With Anger and Heavy Gesticulation,
You Resident Feminist Fairy

Sarah Battaglia said...

Yay! It's so interesting reading articles like this because when I think about supporting women in the arts, it seems very obvious that the first way to do that would be to buy their plays, or go she shows directed by them, but what this article touched on that I didn't necessarily think about were the bigger picture things, that give women an opportunity to not only sustain their art and be able to live on it, but be able to create it. It is super important for women to feel like they can be both a mother and have a very strong, and prosperous career. Too many artistic institutions do not give maternity leave, and do not allow women to feel like they don't have to make a choice between motherhood and a career. While it is important that we go see women's shows and that we support them financially, it is more if not equally important that we support women socially, and emotionally. I really enjoyed this article, and I think even as a woman it put some things in perspective, about the trajectory of my life and career that I hadn't thought about yet.

Unknown said...

When I first read this article earlier in the week, I was wondering if any else would feel as incredibly patronized by it as I did. Natalia’s comment gave me my answer. The male savior complex is so real and alive in this article I had to google the author because I just couldn’t believe it was written by a woman. It feels dismissive of female art, like a silly hobby that you should support just because you like the female and want to make her feel better. The only thing I liked about this article at all was the first couple of sentences where she talked about how we value the art we perceive to have value. But female artists do not want their art valued because “Oooooo, it was made by a girl, good for her doing something with herself!” We don’t want special treatment, we just want people to try and dismiss their preconceived notations that tend to make them gravitate towards male art and instead just appreciate the art that moves them and they connect to, no matter who made it. We don’t massages and babysitting, we don’t need you to plan out our work time and make us spend time with other female artists. We just want respect and an equal chance!
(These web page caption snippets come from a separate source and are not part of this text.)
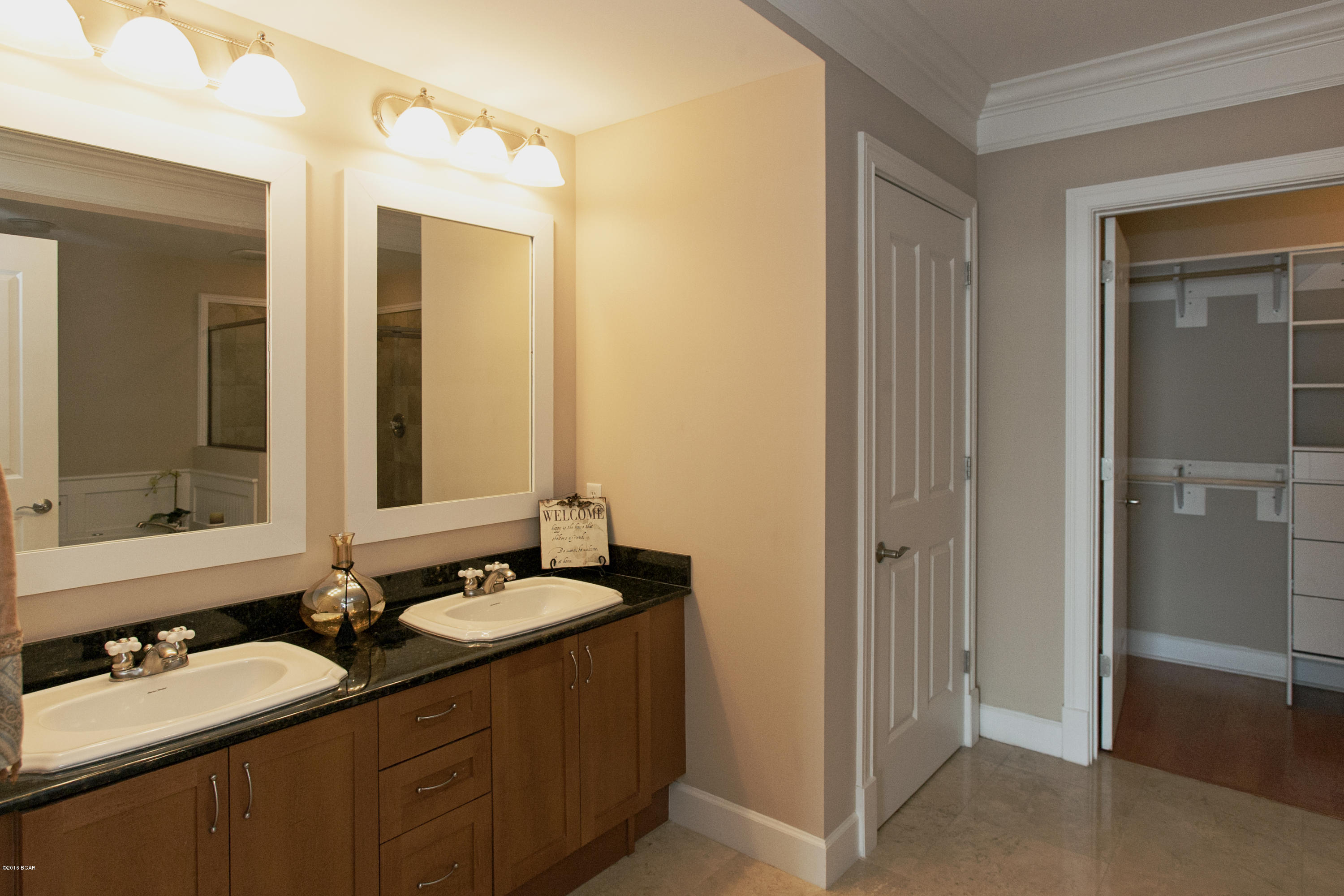 Harbour Village At Historic St Andrews - Residential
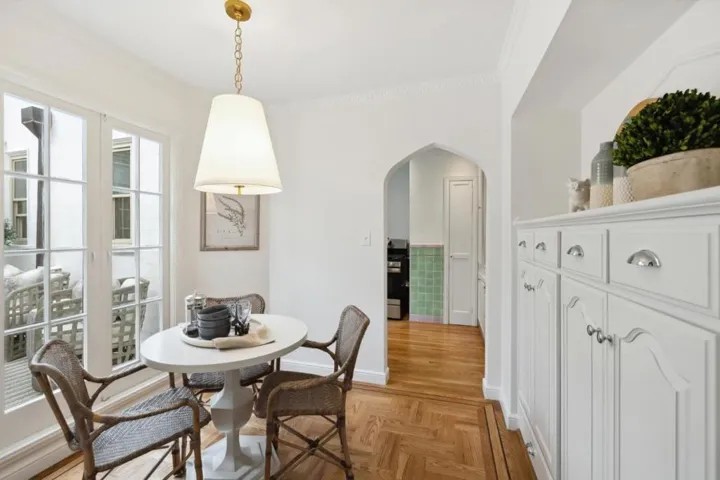 1563 35th Avenue, San Francisco, California 94122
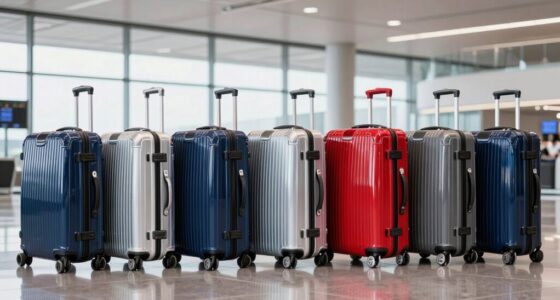 top travel trunks 2026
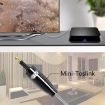 EMK QH4.0 Mini Toslink 3.5mm SPDIF Audio Cable, 1.5m, Black - 6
It hurts me that this is a woman whose worldview has been so warped by our patriarchal society that this is what she thinks equality and feminism is.

Daniel S said...

The first thing I noticed about this article is that it doesn’t say just female artists, it says, “female-identified artists.” I would ask, where is the line among female, female-identified, and male, but that seems like a topic for another realm and certainly can’t be addressed in 150 words. The article has a lot of great ways to support female artists, but it seems like a lot of them aren’t specifically for female artists. Given that most of the items on the list could apply to any artist, I think the most important on this list are the ones the ones that make gender parity a priority. Pay and submissions of work are just two of the ways in which the gender gap needs to be closed. With support for the arts being cut in many places, it is especially important that women are supported. Although, it is most important that artists across the board are paid enough to make a living and not have a second job.